Hello from the Other Side: the Meaning in Adele’s Music
Adele’s 25 has become the year’s biggest-selling album in the US, with a record 3.38m copies sold in its first full week of release. She cuts a distinctive figure amidst the female pop stars of today with her unique brand of music. Her heart-broken ballads are heard everywhere from taxi radios to cafes to salons and airport lounges. What makes her unique brand of music so popular?
Adele has often been quoted saying that she strives for a certain effect in her songs, its ability to move her. This tear-inducing quality is the key ingredient of Adele’s music. Adele’s lyrics have a strong universal character. She appears to be narrating our story.

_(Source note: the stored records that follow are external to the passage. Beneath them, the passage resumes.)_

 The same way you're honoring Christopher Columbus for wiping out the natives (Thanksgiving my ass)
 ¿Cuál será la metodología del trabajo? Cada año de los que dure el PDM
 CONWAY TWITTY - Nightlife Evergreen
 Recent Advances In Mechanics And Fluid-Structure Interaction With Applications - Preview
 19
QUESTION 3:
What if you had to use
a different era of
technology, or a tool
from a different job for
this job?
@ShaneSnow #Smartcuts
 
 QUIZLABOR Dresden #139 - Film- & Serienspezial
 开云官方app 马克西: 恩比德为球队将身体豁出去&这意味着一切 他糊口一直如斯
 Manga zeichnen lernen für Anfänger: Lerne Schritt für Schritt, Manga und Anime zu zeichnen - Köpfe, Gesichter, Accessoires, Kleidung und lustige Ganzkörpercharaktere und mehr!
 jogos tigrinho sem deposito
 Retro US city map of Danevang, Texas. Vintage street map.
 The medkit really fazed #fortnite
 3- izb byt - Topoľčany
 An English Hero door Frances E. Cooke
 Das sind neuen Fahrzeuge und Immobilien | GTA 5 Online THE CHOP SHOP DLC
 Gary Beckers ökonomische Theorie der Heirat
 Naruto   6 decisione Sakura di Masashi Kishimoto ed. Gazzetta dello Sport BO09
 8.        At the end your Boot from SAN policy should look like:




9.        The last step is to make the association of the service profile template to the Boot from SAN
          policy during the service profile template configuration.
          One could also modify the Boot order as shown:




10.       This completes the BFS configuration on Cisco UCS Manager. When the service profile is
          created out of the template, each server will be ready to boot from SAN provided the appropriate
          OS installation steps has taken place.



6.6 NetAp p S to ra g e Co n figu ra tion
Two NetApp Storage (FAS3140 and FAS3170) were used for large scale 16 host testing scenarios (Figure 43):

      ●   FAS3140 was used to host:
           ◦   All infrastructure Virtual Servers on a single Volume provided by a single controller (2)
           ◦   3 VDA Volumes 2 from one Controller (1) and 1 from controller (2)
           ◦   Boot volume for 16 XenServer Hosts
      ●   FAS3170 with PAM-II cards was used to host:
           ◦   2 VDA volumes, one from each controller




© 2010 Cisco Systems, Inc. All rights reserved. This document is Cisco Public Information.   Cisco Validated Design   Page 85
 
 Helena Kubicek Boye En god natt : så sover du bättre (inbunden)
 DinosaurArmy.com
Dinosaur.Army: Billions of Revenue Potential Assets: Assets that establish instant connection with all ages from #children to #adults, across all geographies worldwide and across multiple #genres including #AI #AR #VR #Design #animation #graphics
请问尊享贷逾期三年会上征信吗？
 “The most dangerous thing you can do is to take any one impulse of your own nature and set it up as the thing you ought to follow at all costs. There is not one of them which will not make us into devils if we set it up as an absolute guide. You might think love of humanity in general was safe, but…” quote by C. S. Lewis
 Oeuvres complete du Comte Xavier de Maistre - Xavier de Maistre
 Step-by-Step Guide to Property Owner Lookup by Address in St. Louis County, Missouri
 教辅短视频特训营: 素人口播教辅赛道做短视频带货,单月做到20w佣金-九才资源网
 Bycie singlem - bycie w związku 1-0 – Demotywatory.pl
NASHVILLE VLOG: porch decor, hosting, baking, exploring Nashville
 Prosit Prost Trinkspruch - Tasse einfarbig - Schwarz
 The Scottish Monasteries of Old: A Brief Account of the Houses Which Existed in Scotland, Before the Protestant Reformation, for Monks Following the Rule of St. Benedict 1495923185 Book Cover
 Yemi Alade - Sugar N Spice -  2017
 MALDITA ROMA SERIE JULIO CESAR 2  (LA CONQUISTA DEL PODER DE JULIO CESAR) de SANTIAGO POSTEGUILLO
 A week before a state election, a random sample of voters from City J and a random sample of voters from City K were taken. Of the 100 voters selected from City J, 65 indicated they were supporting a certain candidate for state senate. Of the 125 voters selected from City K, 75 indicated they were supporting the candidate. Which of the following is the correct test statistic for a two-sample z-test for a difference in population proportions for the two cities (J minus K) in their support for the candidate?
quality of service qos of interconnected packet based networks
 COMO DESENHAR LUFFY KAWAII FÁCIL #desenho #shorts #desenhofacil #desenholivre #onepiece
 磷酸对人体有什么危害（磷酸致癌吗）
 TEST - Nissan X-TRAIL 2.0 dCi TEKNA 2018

She has this operatic ability to convey the tragedy of modern relationships; that makes our hearts ache with reminiscence. Listening to Adele becomes a cathartic act. She creates a new genre of music; she is a ‘Cathartist’.
Adele embodies this tragic figure. She comes across as a smiling survivor; bravely carrying on with her life. Her generous figure, ordinarily dressed (sometimes bordering on the frumpy), is very unlike the sleek, glamorous, airbrushed stars. She appears very much the ‘hapless girl’; the one who gets dumped; half expecting the love of her life to turn back.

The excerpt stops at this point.